In one month, the life we worked so tirelessly to get to will be turned upside down with the arrival of our new son and we're not all that excited.
Of course, we cannot wait to meet the new addition to our family. BUT, we feel like we have finally hit our groove with our one daughter and now we have to begin the process all over again. For me, at least I can look forward to NOT being pregnant. My husband's life right now is full of sleeping through the night and watching uninterrupted Yankee games. Lately, the anticipation of our son's arrival makes him look like a man who's about to go off to war.
I was in the grocery store the other day and thought to myself, Wow! I'm so proud of my daughter. I can skip the diaper aisle now. Then I looked down at my huge bump and thought again, Wow. I will have to buy diapers again and probably for the next three years. BOOOOO!
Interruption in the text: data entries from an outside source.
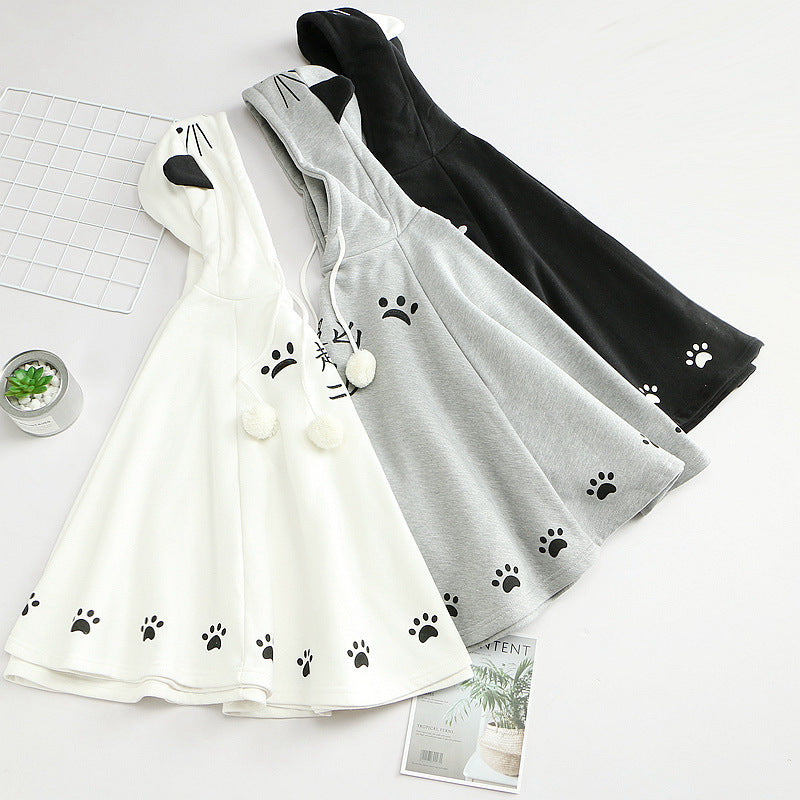 Kawaii Cat Ears Poncho Coat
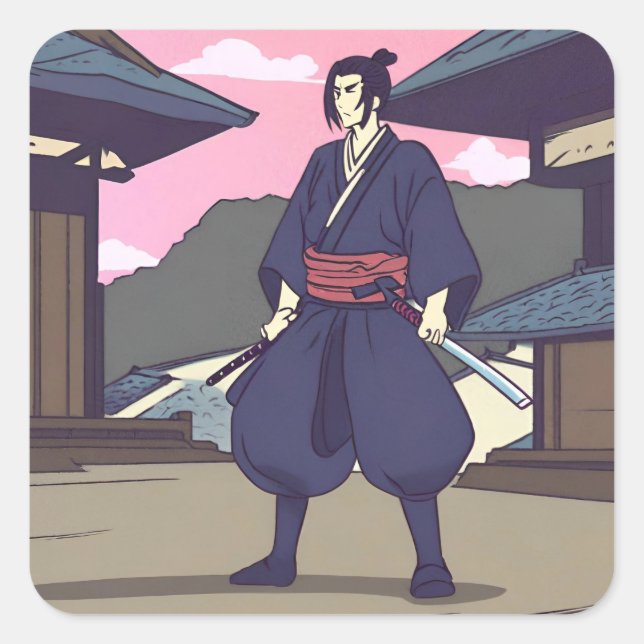 Samurai Quadratischer Aufkleber (Vorderseite)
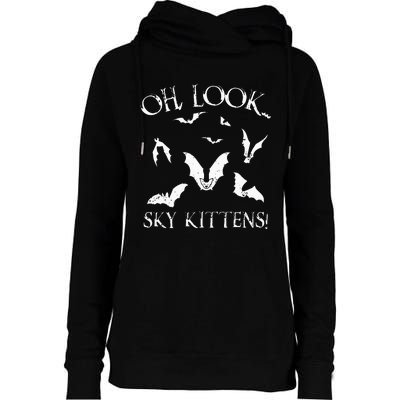 Funny Bat Lover Gift For Men Women Cool Sky Kittens Horror Womens Funnel Neck Pullover Hood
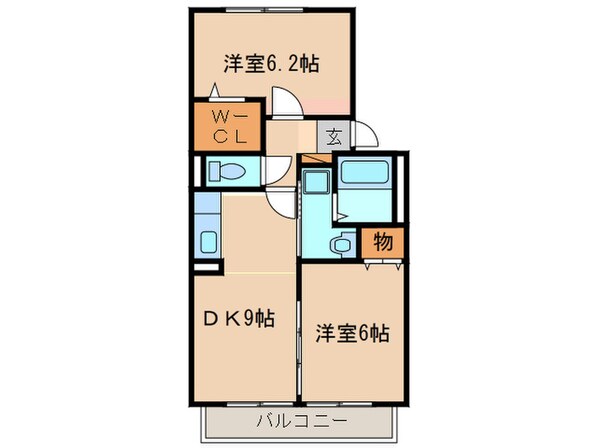 ビュ－ラ－アヤＢ棟の物件間取画像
I know it's really like "boo hoo." Poor me. I am about to get everything I've always dreamed of. I know it's absurd to be thinking like this, but it really is making us nervous. I feel like we are more scared this time than we were last time. Last time, we didn't know what we were in for. This time we fully know what's in store and we know that it's not always fun to clean up puke, do endless laundry, and to spoon feed someone.
I think the second we meet him, all of this anxiety will go out the window. But, I KNOW that once the baby is 3 years old, I'll be relieved.
Second-time moms, have you felt this way, too?